You can see this church from the Sunnyvale train station and it has a striking transparency: a lamp by day and by night. Its graceful, aspirant form wears a cloak of humble corrugated iron and sits on a car park in an industrial street of West Auckland. South Pacific Architecture principal Megan Rule describes the raw industrial location as a rather harsh environment and wanted to bring some warmth and grace to the project to create a space that would draw people in. It certainly does that, as well as allowing you to get away with industrial materials, such as the corrugated cladding. These have a not-of-place simplicity and humility, as well as saving the congregation and community’s money; it is not a fancy door that is the finest greeting at a whare, it’s the warmth of the welcome.

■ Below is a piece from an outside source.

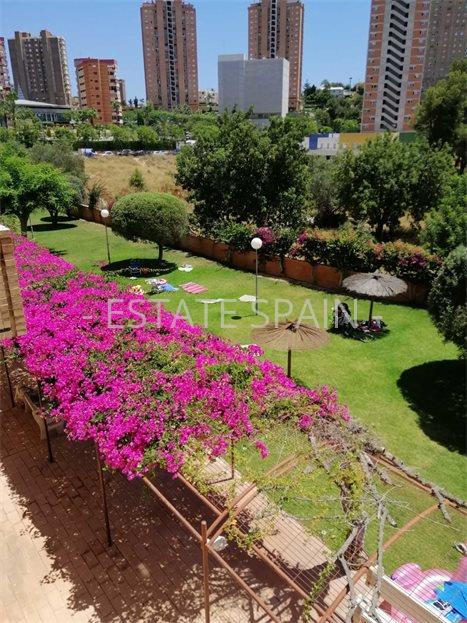 Апартаменты в Бенидорме 110 м2 №ART221262AEF0  - Продажа - 42 large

Tuvaluan architectural graduate Ben Kofe, now in Australia, developed an initial feasibility concept more than a decade ago, with the church located on a first floor above carparking. After a lot of fund-raising and a new pastor, Tomasi Iopu, picking up the task, South Pacific Architecture was approached to progress the project and came up with a vaulted form. The architects also went into bat with the Council over the number of car parks needed, as this was pushing up the size of the structure and the cost, when usage was mostly after business hours.
The result is an east-facing church next to the existing hall, all on one level, simplifying circulation and much improving accessibility. The main entrance brings you into a central space with access to hall or church or pastor’s office. It’s also seismic separation between two different structures from different eras. There is a large meeting room tucked behind the altar end of the church, opening out onto a deck, planting and afternoon sun. Its roof is lower than the soaring church vault to allow light through at each end of the main space.
It is the glue-laminated-timber vaulted space that makes this place special. The portals are reminiscent of the ribs of boats and that isn’t coincidental; the boat has long been a Christian symbol, and the term ‘nave’, for the body of a church, is derived from the Latin word for ship. Community response to the building has been strong. It is smaller than was originally envisaged, and this makes it warm and comfortable when you are alone, unlike the echoing emptiness of some churches.
Many of the community drop in now and have described it as “peaceful”, “tranquil” and granting “peace of mind”. During services and on big occasions, it feels comfortably full. The soaring vault and articulated, rather than flat, glazing work very well acoustically, especially with the lively choral singing of both hymns and traditional songs. The architects were very conscious of sustainable aspects of the building, maintenance and the possibility of future expansion.
South Pacific Architecture also assisted with fund-raising and members of the community have provided much; for instance, the women’s society provided chairs, the pulpit and the communion table. More is to come, including planting, more stained glass, and art and cultural works, such as kolose, Tuvaluan crochet. As well as the Christian cross, of course, there are, in the structure and details of the building, important symbols of Tuvaluan culture, such as the green of the cladding and angled mullions forming the diamond patterns that are regularly seen in kolose.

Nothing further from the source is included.